The Inspector? A Detailed Explanation Please.

I’ve been using Scrivener for the Mac since version 2, and now I am working in 3, and for a very long time, the only part of the Inspector I really utilized was the Synopsis and the Notes tab. Now that I am really using it, I’d like to learn what the other options could do to help me keep organized and work better. So I guess what I am asking is, could someone please give me a detailed explanation of the following:

How do Bookmarks work?
What is Metadata for, and how does it work?
Is the “snapshots” section for all photos in the project or just for one for the folder/page as a reference?
Comments and Footnotes, how does this section differ from the Notes section?

Have you tried the built-in manual, or working those sections of the tutorial?

Lit & Lat also have some teaching videos on their site — some of which may be relevant to your questions.

Devinganger is right. You need to spend some time with the available materials tutorial, manual, video guides.

gr

P.S. And I would add that it is not right to ask people to spend their valuable time explaining things for you “in detail”, if you have not put in the effort to learn these things yourself from the readily available materials.

I would say you don’t necessarily have to use any of these features for what they are “supposed” to be used for. You can invent your own uses for many, if not all, of them. I would think it would be worth creating a small test project and playing with the features to see how you might be able to use them in your own work. The kind of work one does, and how one does it, can make a big difference in how useful a feature is, and it is sometimes the case that a user can find a way of utilising a feature that others have never imagined.

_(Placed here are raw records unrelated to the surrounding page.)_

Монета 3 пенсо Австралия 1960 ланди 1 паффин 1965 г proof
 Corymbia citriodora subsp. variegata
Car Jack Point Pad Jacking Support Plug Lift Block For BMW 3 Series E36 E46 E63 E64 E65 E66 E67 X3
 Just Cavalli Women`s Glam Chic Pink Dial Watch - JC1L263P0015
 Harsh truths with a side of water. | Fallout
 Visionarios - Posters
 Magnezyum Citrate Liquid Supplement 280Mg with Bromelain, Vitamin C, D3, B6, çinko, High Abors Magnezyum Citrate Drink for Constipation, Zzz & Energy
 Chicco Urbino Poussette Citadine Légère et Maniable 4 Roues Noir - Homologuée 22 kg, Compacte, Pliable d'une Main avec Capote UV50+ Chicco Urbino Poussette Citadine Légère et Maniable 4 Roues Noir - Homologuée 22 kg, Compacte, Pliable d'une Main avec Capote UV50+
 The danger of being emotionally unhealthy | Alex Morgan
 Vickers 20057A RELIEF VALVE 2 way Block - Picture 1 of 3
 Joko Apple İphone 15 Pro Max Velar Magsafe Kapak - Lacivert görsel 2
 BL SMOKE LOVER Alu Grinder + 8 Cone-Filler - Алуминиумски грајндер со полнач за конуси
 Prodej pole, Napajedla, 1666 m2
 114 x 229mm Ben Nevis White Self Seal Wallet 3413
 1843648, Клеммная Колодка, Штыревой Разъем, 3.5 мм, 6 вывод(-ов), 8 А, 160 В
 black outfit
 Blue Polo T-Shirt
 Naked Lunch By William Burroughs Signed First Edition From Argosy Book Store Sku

I’ll have to take a look at the manual and see how accessible it is, although the “tutorial”, is not very good at explaining things to a blind user.

You’re one of those special kinds of assholes, aren’t you? I ask for “detailed explanations”, because I’m blind and I don’t have the same ability to “just go and look at things”, like you do and get instant understanding from visual stimuli, like you do. So yeah, asking for detail, is not only RIGHT, it’s “NECESSARY”. It’s not that I don’t put forth effort, it’s that your World is not as “accessible” as you like to believe it is. So, here’s a suggestion for you; how about you do a full stop and ask yourself from now on as to why this person is asking for something the way that they’re asking, instead of full on shoving both feet directly down your own throat? Bless your heart.

A test project sounds like a great idea, if I knew the first thing about these options, but sadly I don’t. For as accessible as KB and Astrid strive to make Scrivener for those of us who are blind/visually impaired, some things will always remain a mystery unless someone can fully explain them to us in a completely non-visual fashion. My screen reader/braille display easily tells me where things are located inside Scrivener, and they easily tell me what things are inside Scrivener, but they don’t easily tell me at all how to interact correctly with some of those things. Hence, I asked for a detailed explanation.

In the manual, Section 4.1.5 The Inspector explains what each pane of the Inspector does, with links to more detailed explanations.

In the Tutorial, the information can be found under Draft/The Basics/Get Oriented/Main Interface/The Inspector in the Binder.

I don’t know how screenreaders work, so I don’t know if that’s enough information to orient you. If it’s not, let me know and I’ll try to explain further.

Katherine

Thank you, Katherine. I will try to take a look at both of the things you’ve suggested here, and If I am still having issues afterwards, I will simply DM you directly as some people here are doing nothing more than serving to piss me off, whether due to sheer ignorance or not, and I don’t need that kind of negativity.

Ah. Trying to access the content through accessibility add-ons is probably very complicated, yes. I apologize, that was not made clear and unfortunately we do regularly see users asking to be spoon-fed material that is available in the various resources.

I’ll venture an explanation of Snapshots.

Snapshots, despite the name, have nothing to do with illustrations or photos. When you take a “snapshot” of a text in your project, Scrivener makes an internal copy of the text, labeled with date, time, and an optional title. When you view the text, a list of all the Snapshots (copies) of that text are listed in the Inspector Snapshots pane. You can click on one to display an older version, revert to an older version of your text, delete snapshots that are no longer needed, or compare your current text to a older snapshot (in what is probably a regrettably visual fashion).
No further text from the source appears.